December 26, 2006

The Best Music in My Lifetime Came When I Was 14



I assure you I will have a year end conclusion to my Best Albums of 2006 series which will feature a couple of albums from December among the Top 100 albums of 2006.

The title of this post is something that isn't only true for me, but true for many people from many generations. I spent a week this summer on a houseboat with several members of the class of '62 and '63 and their favorite music still plays like the soundtrack to American Graffiti. I can't say I'm that different as songs that I discovered at 13, 14, 15 still get heavy rotation on iTunes.
When I was an early teen, U2 officially became my favorite band and in nearly 20 years, that hasn't changed. I always credit The Mad Fishicist with my U2 fanaticism. I had heard a few U2 songs over the years that had been played on the radio and my sister got The Joshua Tree (on cassette) for Christmas. I've spent countless amounts of money over the years on U2, so I feel no shame in admitting that I "dubbed" The Joshua Tree and when I had listened to the tape so much that it wore out, I made another copy. I think eventually I ended up absorbing the copy originally gifted to my sister. I hope she can find it in her heart to forgive me.
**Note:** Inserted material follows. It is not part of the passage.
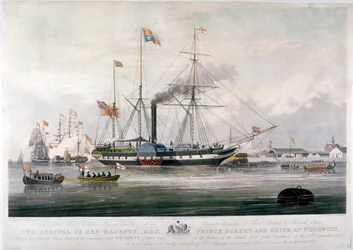 Koningin Victoria en Prins Albert arriveren bij de Koninklijke Scheepswerf, Woolwich, Kent, 1843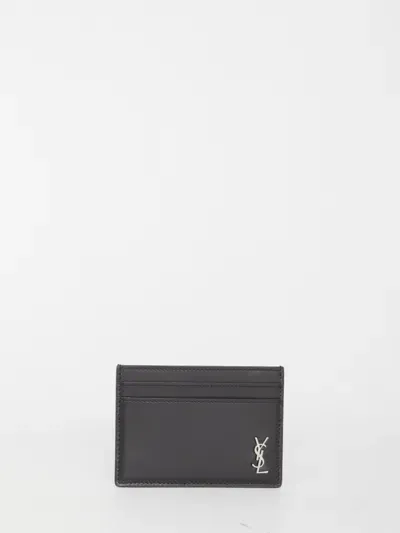 Saint Laurent Small Monogram Cardholder In Black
It's been so long, the memory is pretty vague, but I remember The Mad Fishicist making a suggestion that I rent Lost Boys and Rattle and Hum together. I'm certain now looking back on it, that it was just the influence of The Chindo spewing out of him, but regardless of that I did what he said and rented the two movies. Neither of them were the type of movies that I grew up watching. A vampire movie and a concert documentary, I'm sure my folks were worried at the time. My life was permanently changed. The feeling that I got when I watched Rattle and Hum at 14 is a feeling that I have only felt to that degree a handful of times since. I felt inspired, I felt elated, I felt awakened. I wanted to play guitar like the Edge, I wanted to sing like Bono, I wanted to play bass like Adam Clayton, and I wanted to look like Larry Mullen. Maybe the most important lesson I learned is that Music and Politics can mix and that "Rock and Roll Stops the Traffic." Maybe the most remarkable thing about Rattle and Hum is those guys taking on the world with their music and they were just ~27. Some of that has changed in 18 years, but in a way much of the dreams that were awakened during the first viewing of Rattle and Hum still ring true today. I still get chills at a number of points in the movie. Still to this day, I've never seen Rattle and Hum the big screen....big screen TV's yes, but not in a theater.
After seeing Rattle and Hum and begging for the Rattle and Hum album (again on tape), I discovered that there was a lot of their music that came before R+H that I needed to have. Boy, October, War, and The Unforgettable Fire came soon after that. I couldn't get enough. It didn't hurt my enthusiasm to have The Mad Fishicist quiz me on lyrics in Oceanography class when we should have been dissecting oysters. I'm not exaggerating when I say that life changed with Rattle and Hum.
For Christmas I got U2 by U2. It took me back to those discovery years. I sat there yesterday mesmerized by familiar stories and new ones I hadn't heard. If you're not familiar the book consists of autobiography, biography by the other members, and pictures both from press clippings but also the band's personal photographs. It's a must have and makes a wonderful coffee table book. I've only read two chapters, so I'm reading about the very early times before they were a band. In all of their memoirish tales, they mention the music that they started to hear when they were 14-15 and how it shaped their life. My teen years in the middle class white bread suburbs of Portland, don't compare at all with the early 70's in Dublin, but like Lennon, Dylan and Bowie, U2 were my awakening that there was a big world out there and I wanted to be part of it. I haven't come close to changing the world, but when I do, you better believe my memoirs will include a chapter on U2 when I was 14.


1 comment:

The Mad Fishicist said...

yep. and some pretty cool concerts since then.